In the third and final (for now) part of this series on the EDA design tool vendors, I’d like to take a closer look at Cadence Design Systems. This is probably the most interesting of the three from both an industry perspective as well as an investment perspective for a variety of reasons. With that said I’d like to first provide some background on the company and its management and then take a closer look at the company’s financials and stock.
Some Rough Times
Rewinding back a bit to around the time of the financial crisis, it’s interesting to see the kind of mess that Cadence (and its shareholders) got into at the time. As it turns out, Cadence – not unlike other software companies – had faced some trouble with respect to the timing of revenue recognition. This wasn’t anything too egregious, particularly as the restatement was only for about $24 million worth of revenues against a revenue base that at the time was nearly $1 billion, but it definitely served to put off some investors. Couple that with the global economy melting down (which took its toll on the financial results of just about every tech company on the planet) and you have a recipe for disaster.
That wasn’t the extent of it, however. On Oct. 15, the company’s president and CEO and Michael Fister, along with four other top level executives, left the company. At the time, the growth in the EDA space was sputtering, Cadence’s customers (and in particular NXP and Freescale) were seeing significant business pressures, and Cadence itself was seeing rather fierce competition from both Magma Design Automation as well as Synopsys in analog and mixed signal design. Times were truly tough, and it seemed that Fister decided that it would be best to hand the company off to somebody else.
A new era of prosperity
Cadence landed itself a new president and CEO, Lip-Bu Tan, in January 2009. Prior to taking the helm in 2009, he had been on the board of Cadence since 2004. Additionally, he is the chairman of Walden International (a venture capital firm he founded in 1987) and sits on the boards of Ambarella, SINA, and Semiconductor Manufacturing International.

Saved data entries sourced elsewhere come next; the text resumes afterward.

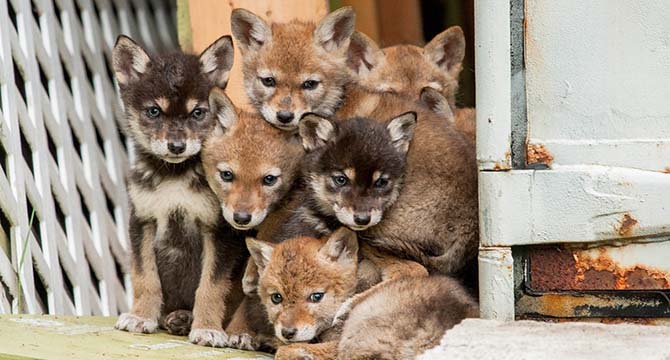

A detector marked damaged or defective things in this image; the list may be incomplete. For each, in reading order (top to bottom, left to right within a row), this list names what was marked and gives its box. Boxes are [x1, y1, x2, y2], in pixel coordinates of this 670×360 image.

rust stain [524, 143, 556, 166]
peeling paint [524, 143, 556, 166]
rust stain [620, 214, 640, 236]
rusty metal surface [532, 242, 670, 292]
rust stain [532, 245, 670, 292]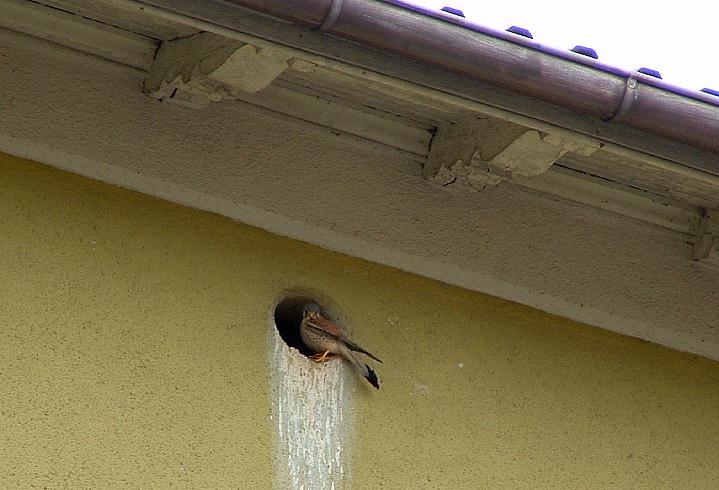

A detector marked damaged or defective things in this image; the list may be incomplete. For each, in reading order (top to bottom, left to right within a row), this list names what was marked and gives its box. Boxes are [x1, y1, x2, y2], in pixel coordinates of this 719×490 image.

peeling paint [270, 324, 352, 488]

Under his leadership, Cadence entered a new era of prosperity.
A quick look at Cadence’s stock price today suggests that the company is much healthier than it was in the 2008/2009 period with shares having roughly tripled from their lows. However, while Synopsys trades at all-time highs, and while Mentor Graphics is quickly approaching its all-time highs, Cadence trades at just under half of its pre-crash 2007 highs and about a third of its 1999/2000 Nasdaq bubble highs (it would be unreasonable to expect many tech companies to reach their 1999/2000 valuations, though, as this was a period of near insanity).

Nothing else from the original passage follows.